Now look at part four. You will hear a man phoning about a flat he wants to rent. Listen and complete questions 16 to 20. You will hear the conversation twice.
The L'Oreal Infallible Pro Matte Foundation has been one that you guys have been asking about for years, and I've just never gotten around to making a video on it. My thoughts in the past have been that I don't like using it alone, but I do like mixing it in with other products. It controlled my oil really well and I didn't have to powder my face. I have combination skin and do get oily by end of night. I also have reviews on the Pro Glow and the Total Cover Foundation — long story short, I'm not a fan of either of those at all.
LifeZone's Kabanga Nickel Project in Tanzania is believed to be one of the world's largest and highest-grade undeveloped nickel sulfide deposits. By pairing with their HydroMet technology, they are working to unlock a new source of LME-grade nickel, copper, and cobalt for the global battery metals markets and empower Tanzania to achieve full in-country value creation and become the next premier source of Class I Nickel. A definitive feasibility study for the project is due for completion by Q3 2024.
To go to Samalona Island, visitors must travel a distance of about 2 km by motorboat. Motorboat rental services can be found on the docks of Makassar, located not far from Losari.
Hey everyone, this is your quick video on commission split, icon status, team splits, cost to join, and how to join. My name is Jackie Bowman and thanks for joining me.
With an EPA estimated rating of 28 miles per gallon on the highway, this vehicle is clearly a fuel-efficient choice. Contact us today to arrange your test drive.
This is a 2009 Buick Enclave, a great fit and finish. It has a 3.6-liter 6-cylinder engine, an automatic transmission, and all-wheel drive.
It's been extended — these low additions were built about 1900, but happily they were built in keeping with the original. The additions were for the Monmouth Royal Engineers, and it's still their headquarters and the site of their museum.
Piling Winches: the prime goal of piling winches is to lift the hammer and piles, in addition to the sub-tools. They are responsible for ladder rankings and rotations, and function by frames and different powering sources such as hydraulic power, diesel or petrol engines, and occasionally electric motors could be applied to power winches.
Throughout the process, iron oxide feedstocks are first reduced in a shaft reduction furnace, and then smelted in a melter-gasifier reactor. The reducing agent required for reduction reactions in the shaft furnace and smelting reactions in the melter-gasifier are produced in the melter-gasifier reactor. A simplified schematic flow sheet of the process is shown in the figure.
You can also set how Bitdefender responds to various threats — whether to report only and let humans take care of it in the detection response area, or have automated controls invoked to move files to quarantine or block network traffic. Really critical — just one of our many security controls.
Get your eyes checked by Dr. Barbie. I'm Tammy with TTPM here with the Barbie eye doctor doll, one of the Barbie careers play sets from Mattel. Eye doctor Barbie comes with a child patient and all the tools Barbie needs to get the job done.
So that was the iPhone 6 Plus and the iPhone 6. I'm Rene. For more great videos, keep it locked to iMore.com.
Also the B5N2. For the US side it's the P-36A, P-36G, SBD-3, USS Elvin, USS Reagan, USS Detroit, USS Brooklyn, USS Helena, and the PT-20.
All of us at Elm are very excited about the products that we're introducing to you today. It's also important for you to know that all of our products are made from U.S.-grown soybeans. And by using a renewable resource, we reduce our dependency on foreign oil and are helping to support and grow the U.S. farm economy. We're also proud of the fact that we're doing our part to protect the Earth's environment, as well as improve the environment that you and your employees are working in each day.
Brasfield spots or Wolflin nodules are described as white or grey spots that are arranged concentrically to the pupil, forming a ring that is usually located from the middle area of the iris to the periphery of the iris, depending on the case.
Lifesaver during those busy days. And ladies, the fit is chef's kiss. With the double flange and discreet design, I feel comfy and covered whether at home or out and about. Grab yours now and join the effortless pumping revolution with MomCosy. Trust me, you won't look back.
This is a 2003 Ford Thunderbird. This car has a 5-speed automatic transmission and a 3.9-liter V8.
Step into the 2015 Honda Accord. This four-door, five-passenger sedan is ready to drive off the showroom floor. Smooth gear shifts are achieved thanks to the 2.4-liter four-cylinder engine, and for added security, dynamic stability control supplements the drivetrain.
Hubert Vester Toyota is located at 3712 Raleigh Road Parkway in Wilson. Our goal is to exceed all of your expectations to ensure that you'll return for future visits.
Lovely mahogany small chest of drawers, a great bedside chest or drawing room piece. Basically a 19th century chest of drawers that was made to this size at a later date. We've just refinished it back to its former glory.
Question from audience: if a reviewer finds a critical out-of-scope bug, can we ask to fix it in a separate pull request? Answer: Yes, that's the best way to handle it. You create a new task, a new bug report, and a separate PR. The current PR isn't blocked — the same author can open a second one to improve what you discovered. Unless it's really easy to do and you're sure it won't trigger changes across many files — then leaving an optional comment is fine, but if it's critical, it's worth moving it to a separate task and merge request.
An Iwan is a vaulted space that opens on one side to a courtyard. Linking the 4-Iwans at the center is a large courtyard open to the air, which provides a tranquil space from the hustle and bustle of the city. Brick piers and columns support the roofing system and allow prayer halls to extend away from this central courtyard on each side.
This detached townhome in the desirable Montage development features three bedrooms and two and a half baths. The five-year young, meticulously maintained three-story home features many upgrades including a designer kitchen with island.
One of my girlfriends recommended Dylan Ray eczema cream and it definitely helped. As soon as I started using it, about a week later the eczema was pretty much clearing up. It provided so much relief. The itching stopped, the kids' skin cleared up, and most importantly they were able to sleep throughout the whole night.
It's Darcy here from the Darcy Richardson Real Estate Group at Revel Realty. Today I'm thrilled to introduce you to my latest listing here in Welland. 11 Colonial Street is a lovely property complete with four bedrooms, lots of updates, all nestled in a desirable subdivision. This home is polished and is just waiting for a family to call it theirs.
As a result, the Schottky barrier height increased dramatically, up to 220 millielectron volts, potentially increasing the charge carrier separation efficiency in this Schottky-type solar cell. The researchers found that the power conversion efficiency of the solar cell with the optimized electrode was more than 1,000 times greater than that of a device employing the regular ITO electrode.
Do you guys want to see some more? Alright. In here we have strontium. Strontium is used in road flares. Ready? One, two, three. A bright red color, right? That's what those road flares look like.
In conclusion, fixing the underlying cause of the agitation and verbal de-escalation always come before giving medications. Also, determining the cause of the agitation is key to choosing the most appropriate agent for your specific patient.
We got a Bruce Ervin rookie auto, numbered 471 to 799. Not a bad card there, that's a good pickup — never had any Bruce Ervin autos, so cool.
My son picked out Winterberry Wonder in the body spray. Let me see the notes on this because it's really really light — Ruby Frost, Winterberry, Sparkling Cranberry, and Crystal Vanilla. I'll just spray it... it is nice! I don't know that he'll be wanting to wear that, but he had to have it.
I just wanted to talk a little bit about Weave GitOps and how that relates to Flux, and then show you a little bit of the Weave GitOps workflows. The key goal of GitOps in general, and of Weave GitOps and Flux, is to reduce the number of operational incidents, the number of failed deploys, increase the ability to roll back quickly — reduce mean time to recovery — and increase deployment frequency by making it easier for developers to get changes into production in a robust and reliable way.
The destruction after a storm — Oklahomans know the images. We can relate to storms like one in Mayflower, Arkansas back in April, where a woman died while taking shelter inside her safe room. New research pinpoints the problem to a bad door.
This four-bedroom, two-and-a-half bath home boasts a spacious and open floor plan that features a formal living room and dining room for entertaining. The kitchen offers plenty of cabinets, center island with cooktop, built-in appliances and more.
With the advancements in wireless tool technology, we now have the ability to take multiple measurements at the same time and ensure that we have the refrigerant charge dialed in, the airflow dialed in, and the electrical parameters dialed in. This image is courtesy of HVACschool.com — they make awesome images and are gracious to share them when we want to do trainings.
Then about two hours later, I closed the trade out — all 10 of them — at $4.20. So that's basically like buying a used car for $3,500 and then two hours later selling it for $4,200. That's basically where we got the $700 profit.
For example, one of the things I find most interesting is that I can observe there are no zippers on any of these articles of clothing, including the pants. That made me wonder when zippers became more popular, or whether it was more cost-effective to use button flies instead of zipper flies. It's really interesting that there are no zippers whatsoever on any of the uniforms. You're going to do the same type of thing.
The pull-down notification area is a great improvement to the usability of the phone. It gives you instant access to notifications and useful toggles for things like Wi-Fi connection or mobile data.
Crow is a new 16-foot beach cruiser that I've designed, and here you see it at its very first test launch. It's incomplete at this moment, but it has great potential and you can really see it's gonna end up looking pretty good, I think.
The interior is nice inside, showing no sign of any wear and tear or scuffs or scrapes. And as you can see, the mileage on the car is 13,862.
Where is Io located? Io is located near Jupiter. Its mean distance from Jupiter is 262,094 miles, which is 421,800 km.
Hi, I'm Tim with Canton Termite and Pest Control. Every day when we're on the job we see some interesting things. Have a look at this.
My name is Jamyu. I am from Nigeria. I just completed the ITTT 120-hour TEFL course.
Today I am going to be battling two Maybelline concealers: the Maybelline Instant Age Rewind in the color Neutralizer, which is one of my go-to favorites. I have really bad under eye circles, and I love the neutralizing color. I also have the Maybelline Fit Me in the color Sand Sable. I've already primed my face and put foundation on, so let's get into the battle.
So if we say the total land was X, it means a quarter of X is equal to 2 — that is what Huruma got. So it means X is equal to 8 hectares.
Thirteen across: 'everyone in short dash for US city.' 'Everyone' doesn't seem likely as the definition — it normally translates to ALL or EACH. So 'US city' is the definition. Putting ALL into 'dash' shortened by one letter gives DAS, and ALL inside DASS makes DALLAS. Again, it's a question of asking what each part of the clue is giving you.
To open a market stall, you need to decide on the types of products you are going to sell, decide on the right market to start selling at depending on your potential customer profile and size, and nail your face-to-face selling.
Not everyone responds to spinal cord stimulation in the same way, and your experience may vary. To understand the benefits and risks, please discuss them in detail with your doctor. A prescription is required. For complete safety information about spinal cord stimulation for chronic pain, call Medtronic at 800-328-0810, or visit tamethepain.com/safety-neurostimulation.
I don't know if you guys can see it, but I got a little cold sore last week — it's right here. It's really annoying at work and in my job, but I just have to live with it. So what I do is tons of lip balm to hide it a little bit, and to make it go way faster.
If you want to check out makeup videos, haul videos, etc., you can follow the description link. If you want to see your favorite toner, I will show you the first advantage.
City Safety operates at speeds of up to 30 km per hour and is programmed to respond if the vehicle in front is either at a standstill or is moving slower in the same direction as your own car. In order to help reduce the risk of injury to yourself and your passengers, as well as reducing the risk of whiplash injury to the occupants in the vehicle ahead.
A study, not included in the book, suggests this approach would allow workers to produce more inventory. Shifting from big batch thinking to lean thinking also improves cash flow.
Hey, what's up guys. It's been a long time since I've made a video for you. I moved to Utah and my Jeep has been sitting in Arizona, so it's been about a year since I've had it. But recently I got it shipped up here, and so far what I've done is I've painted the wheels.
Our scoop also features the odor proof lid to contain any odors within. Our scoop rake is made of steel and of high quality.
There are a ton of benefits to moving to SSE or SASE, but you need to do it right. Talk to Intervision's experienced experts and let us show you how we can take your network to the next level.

######

- Description of the task: The answer must consist of the lines from the one with "Our scoop also" through the final line of the entries above, exactly as they are, and nothing else.

- Output for this task:
Our scoop also features the odor proof lid to contain any odors within. Our scoop rake is made of steel and of high quality.
There are a ton of benefits to moving to SSE or SASE, but you need to do it right. Talk to Intervision's experienced experts and let us show you how we can take your network to the next level.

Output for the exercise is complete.